You haven’t gotten up off the couch in a few days and you’re eating everything in sight. This is the life of an endurance athlete following a race. The guilt of perceived laziness and over indulging starts to creep in. You feel the need to get back out there pounding the pavement or turning the pedals over.
You end up convincing yourself to get a workout in and it goes exactly how you might think. Horribly.
This was me following my 31 mile run seven days ago. Monday I felt like a truck had hit me. Drinking too much alcohol at the post-run birthday celebration didn’t help for recovery. My calves and quads felt much better on Tuesday, but my joints were still creaking. With the muscles feeling better the thoughts I mentioned above started to creep into my head. I needed to get back out there and do something. Run, cycle, swim, SOMETHING!
Wednesday is typically track workouts with my SENS Fitness triathletes. So I got out there and gave it go. It wasn’t pretty. I had to throw in the towel less than 2 miles in. My muscles felt recovered but they most certainly weren’t. My ankles and knees were screaming for me to stop as well.
I forced the issue, despite knowing how best to handle a recovery week following a long, arduous event. I disobeyed one of the cardinal rules of endurance, and life in general: Patience.
Consistency will lead to improvement, but patience will yield the best results. Here’s how the week post-31 miler should have played out.
Full rest. I earned a complete day off.
Here’s where I went wrong. I should have gone to the pool for an easy swim. It’s easy on the joints, which were bothering me most. This would be a short swim, 1,000-1,200 yards tops with a pull buoy to avoid any lower bodywork.
I said to hell with patience and went for a run! That wasn’t the smartest idea. Instead, an easy recovery ride of about 60-90 minutes would have been a better option. A ride on a flat course with a comfortable cadence would suffice and as soon as it started to feel difficult, I could have stopped.

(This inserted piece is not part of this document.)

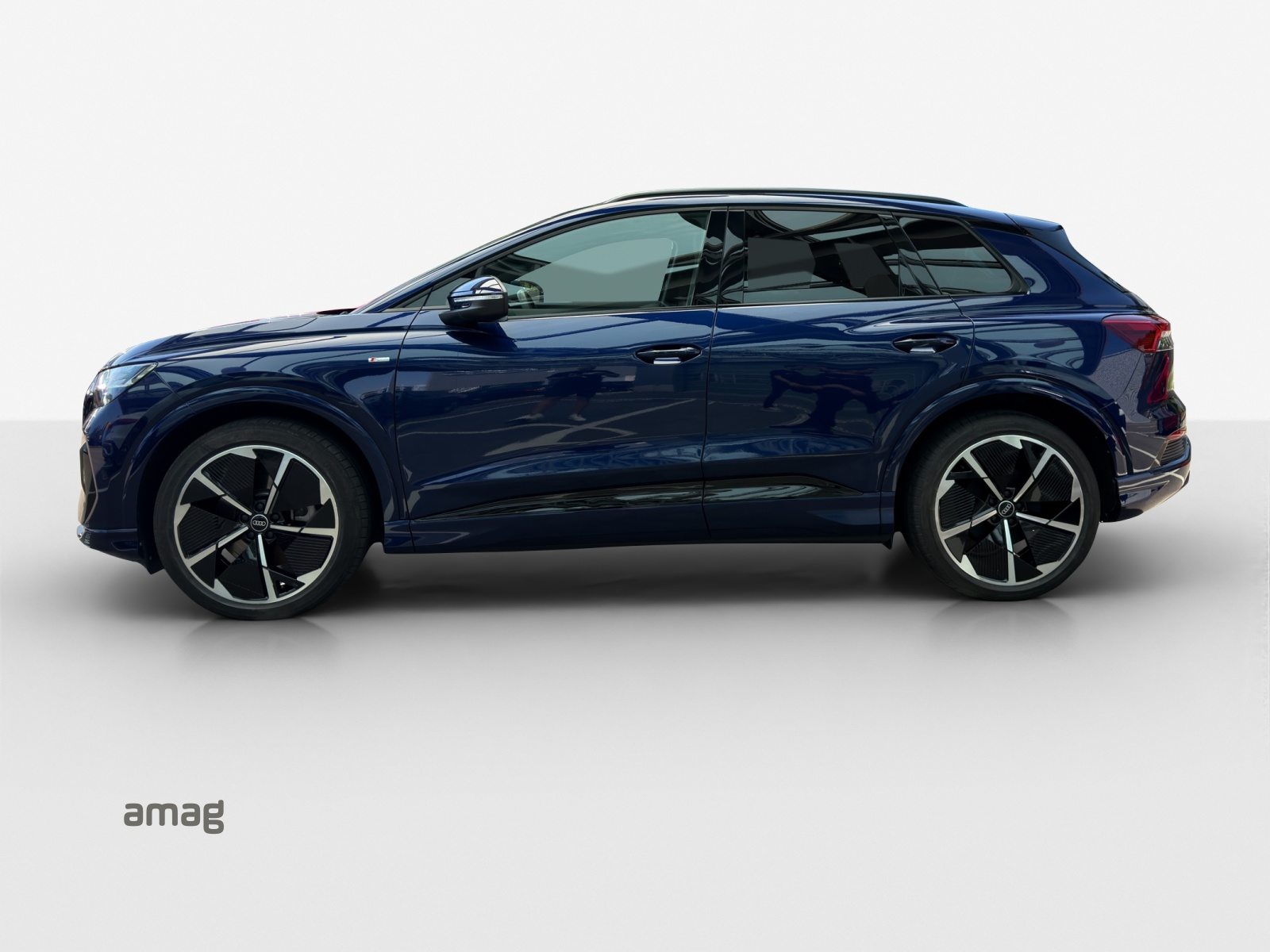 AUDI Q4 40 e-tron, Elektro, Occasion / Gebraucht, Automatik - 2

The tail end of the week comes with options. And I did this right by electing to get a strength workout in without lifting a single weight. All body weight exercises to stretch my glutes and hamstrings, along with core and upper body movements. This limits the impact on your legs as they still work to repair themselves.
This is when I should have gone out for my first run post-ultra marathon. Instead, I rushed this up to Wednesday. My second error was trying to do speed work mid-week. I did run Friday and it was a solid two miles. I was pressed for time, but ideally this would have been an easy 30-minute run focusing on form rather than speed.
Another day back in the pool! Same as Tuesday using a pull buoy and limiting the movement of my lower half. Again, this doesn’t need to be long as 1,000 yards or so would be plenty.
A final ride to round out the week along a flat route at a comfortable cadence. I’ll push this up to 90 minutes at a minimum unless it starts to feel really difficult. By now the legs were feeling nearly 100% so it’s time to get back into the normal training routine come tomorrow.
This post-event recovery week will work for marathons, triathlons, or century rides. The most important aspect is to be patient. Don’t talk yourself into forcing the issue and rushing back to full activity. It’s OK to take it easy for a few days and its far easier to do when you have patience.